*** Opening Data supplied ***

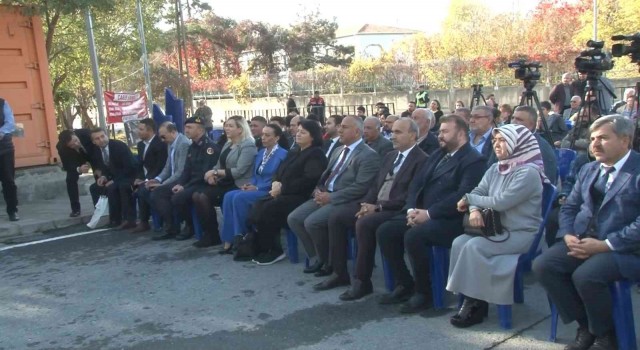 Arnavutköyde Dr. Sadık Ahmet kütüphanesi açıldı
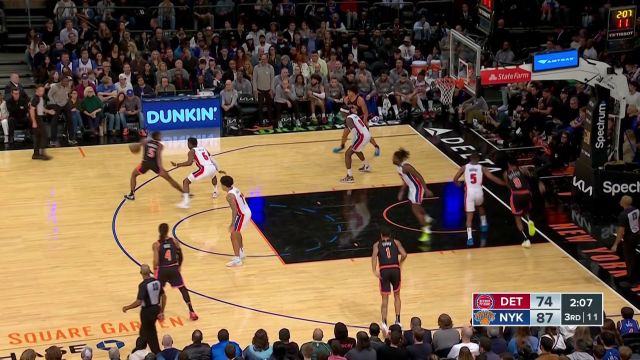 【2022年11月12日 活塞vs尼克斯集锦】串联球队快攻 海耶斯行进间连线斯图尔特单手暴扣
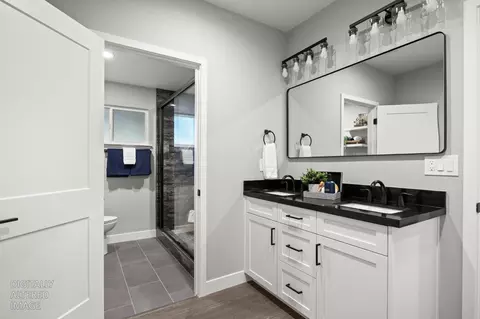 Bath - 4921 Bowman Oaks Way, Carmichael, CA 95608 photo 2 of 4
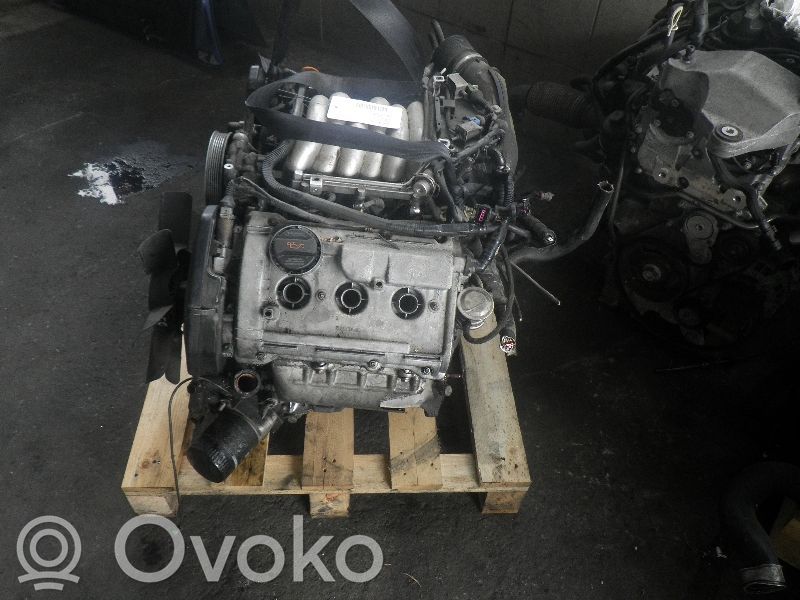 Audi A4 S4 B5 8D Motor 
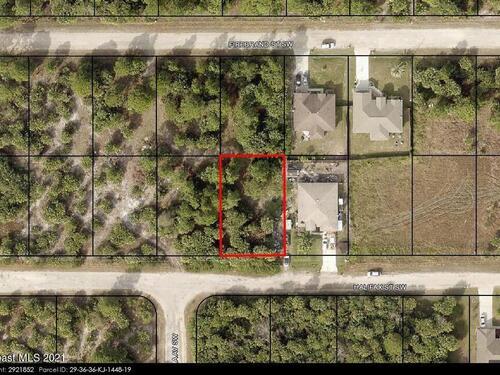 567 Halifax Street SW, Palm Bay, FL 32908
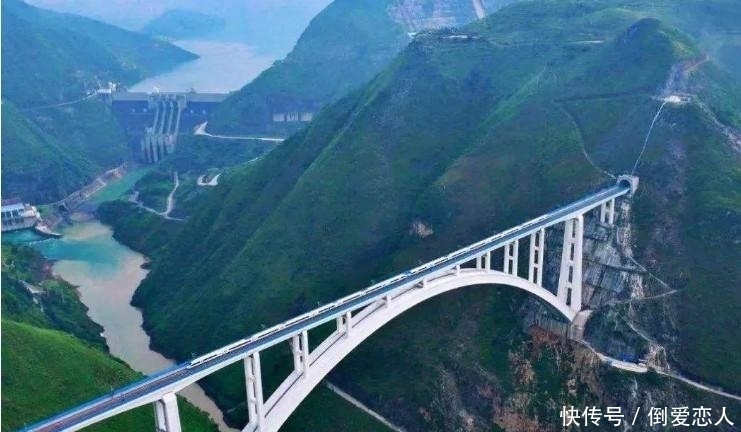  「时间」贵州这座大桥，花了6年时间来建造，只为了这6秒！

*** Closing Data supplied ***

**Action item**
Return the entries above exactly and in full; do not include images.

**Answer box**
 Arnavutköyde Dr. Sadık Ahmet kütüphanesi açıldı
 【2022年11月12日 活塞vs尼克斯集锦】串联球队快攻 海耶斯行进间连线斯图尔特单手暴扣
 Bath - 4921 Bowman Oaks Way, Carmichael, CA 95608 photo 2 of 4
 Audi A4 S4 B5 8D Motor 
 567 Halifax Street SW, Palm Bay, FL 32908
  「时间」贵州这座大桥，花了6年时间来建造，只为了这6秒！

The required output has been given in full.